The car companies and major suppliers have a good story to tell don’t they? Well, yes – but let’s put to one side the history of delivering fossil-fuel based products in transportation that have wrought a very heavy cost to the environment in terms of CO2 emissions. That’s very much what the industry would like to consign to the past but is something that can be uncomfortable to be reminded of. It’s still there, though the industry has massively cleaned up its act in terms of both emissions that are harmful to human health today and the greenhouse gas emissions that are potentially catastrophic for future generations.
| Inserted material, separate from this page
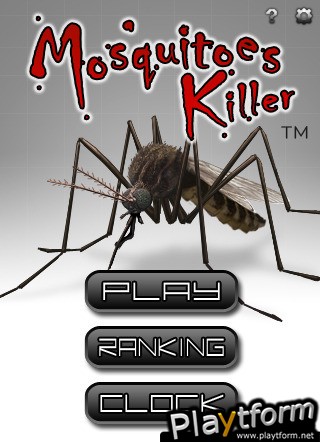 Mosquitoes Killer (iPhone/iPod)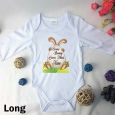 Some Bunny Easter Baby Bodysuit - Nanna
Moreover, we stand at the brink of a revolutionary energy transition in vehicles that will see zero emission vehicles (battery electric vehicles) gradually replace – alongside more hybrids – pure fossil fuel burning cars and light commercial vehicles. The transition is underway in many mature markets, but there is obviously a long way to go.

While concerns inevitably remain over the full environmental impact of the industry in terms of manufacturing activity as well as vehicles in use, there is progress there, too. All along the automotive value chain, companies are giving much higher priority to sustainability policies and the measures that support them. This is not only born out of a shared sense of what is the right thing to do for the planet, but also the growing realisation that lower energy inputs, renewable energy sources and using sustainable materials wherever possible are also a route to lowering costs. With company profit margins under pressure due to much higher energy and material costs, the business case alone for reviewing processes and realising more sustainable solutions is a highly compelling one.
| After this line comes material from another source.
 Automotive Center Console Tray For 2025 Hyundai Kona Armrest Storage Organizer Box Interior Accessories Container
The industry also has a new focus on its supply chains – something that will be particularly important as supply chains are reconfigured away from ICE powertrains and parts to electric powertrains. Gigafactories to supply batteries are but one element; there are a whole load more suppliers and manufacturing capacity needed for future electric motors, inverters and other major EV components.
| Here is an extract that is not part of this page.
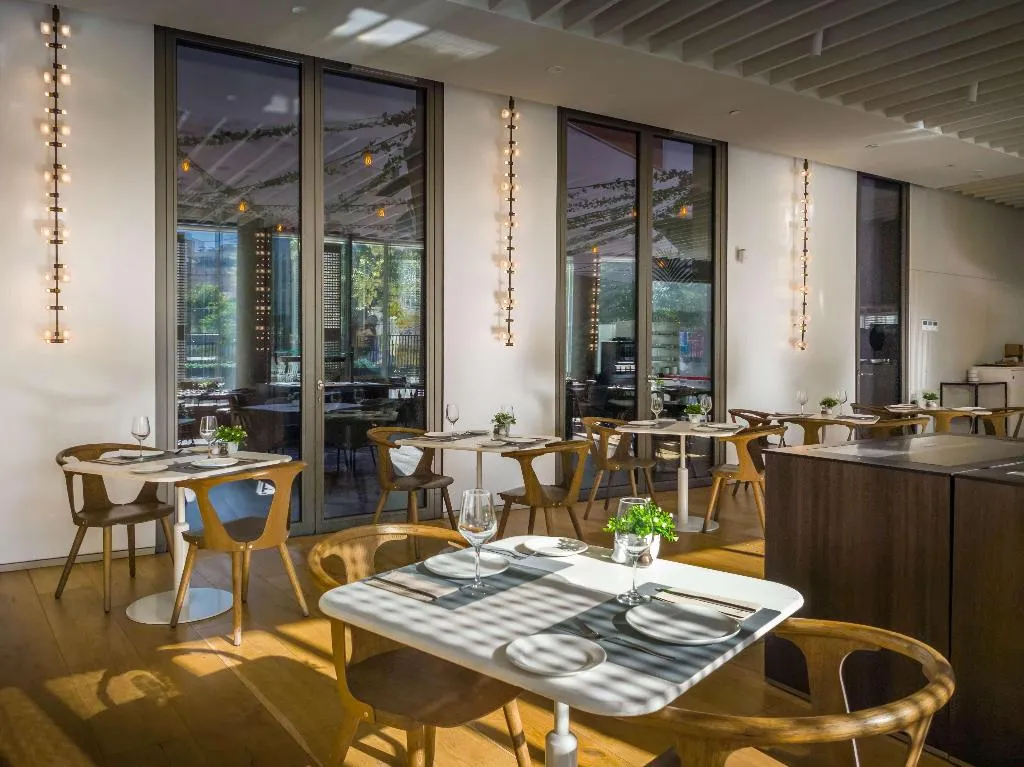 Restaurant, Occidental Barcelona 1929, Barcelona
This structural change to the auto industry’s make-up is proceeding apace, with major Tier 1 suppliers reorganising operations for ramped up future electric vehicle supply. Mahle, for example, is a company that realises being an efficient specialist and supplier of vital ICE parts such as piston rings is no longer a sound recipe for long-term business health when ICE-fitted cars become a diminishing minority. The decline of diesel share of the new car market in Western Europe (see chart below) in recent years illustrates how quickly the accepted industry status quo and associated business planning assumptions can change. Many suppliers’ operations are now being rebalanced, with some ‘sunset’ units being divested, even if they are currently profitable. We’re going to see more of that structural change over the next five years, with M&A activity likely to increase.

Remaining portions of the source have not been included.